**What you will do:** Reproduce the listing verbatim.

**Records provided:**
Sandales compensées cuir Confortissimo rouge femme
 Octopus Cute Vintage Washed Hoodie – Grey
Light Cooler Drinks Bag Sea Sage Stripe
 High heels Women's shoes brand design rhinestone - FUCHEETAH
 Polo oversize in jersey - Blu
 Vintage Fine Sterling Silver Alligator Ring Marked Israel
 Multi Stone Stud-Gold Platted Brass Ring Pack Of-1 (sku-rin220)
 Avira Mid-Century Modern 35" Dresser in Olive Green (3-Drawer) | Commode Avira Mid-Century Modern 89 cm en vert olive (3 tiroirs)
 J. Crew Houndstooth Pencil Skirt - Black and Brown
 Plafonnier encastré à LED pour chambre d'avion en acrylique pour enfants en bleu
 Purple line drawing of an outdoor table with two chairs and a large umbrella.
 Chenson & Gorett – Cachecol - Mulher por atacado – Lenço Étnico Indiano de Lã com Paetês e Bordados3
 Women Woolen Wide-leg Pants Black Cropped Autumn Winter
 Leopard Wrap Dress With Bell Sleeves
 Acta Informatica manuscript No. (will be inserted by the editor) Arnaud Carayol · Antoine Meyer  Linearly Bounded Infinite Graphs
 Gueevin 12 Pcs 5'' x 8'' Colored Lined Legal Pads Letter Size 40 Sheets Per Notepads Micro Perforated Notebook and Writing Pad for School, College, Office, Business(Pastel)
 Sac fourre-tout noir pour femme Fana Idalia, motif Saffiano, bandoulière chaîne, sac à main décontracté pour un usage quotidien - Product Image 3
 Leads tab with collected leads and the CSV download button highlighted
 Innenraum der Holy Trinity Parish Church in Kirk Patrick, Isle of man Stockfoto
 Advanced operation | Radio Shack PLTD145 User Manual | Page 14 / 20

**Solution:**
Sandales compensées cuir Confortissimo rouge femme
 Octopus Cute Vintage Washed Hoodie – Grey
Light Cooler Drinks Bag Sea Sage Stripe
 High heels Women's shoes brand design rhinestone - FUCHEETAH
 Polo oversize in jersey - Blu
 Vintage Fine Sterling Silver Alligator Ring Marked Israel
 Multi Stone Stud-Gold Platted Brass Ring Pack Of-1 (sku-rin220)
 Avira Mid-Century Modern 35" Dresser in Olive Green (3-Drawer) | Commode Avira Mid-Century Modern 89 cm en vert olive (3 tiroirs)
 J. Crew Houndstooth Pencil Skirt - Black and Brown
 Plafonnier encastré à LED pour chambre d'avion en acrylique pour enfants en bleu
 Purple line drawing of an outdoor table with two chairs and a large umbrella.
 Chenson & Gorett – Cachecol - Mulher por atacado – Lenço Étnico Indiano de Lã com Paetês e Bordados3
 Women Woolen Wide-leg Pants Black Cropped Autumn Winter
 Leopard Wrap Dress With Bell Sleeves
 Acta Informatica manuscript No. (will be inserted by the editor) Arnaud Carayol · Antoine Meyer  Linearly Bounded Infinite Graphs
 Gueevin 12 Pcs 5'' x 8'' Colored Lined Legal Pads Letter Size 40 Sheets Per Notepads Micro Perforated Notebook and Writing Pad for School, College, Office, Business(Pastel)
 Sac fourre-tout noir pour femme Fana Idalia, motif Saffiano, bandoulière chaîne, sac à main décontracté pour un usage quotidien - Product Image 3
 Leads tab with collected leads and the CSV download button highlighted
 Innenraum der Holy Trinity Parish Church in Kirk Patrick, Isle of man Stockfoto
 Advanced operation | Radio Shack PLTD145 User Manual | Page 14 / 20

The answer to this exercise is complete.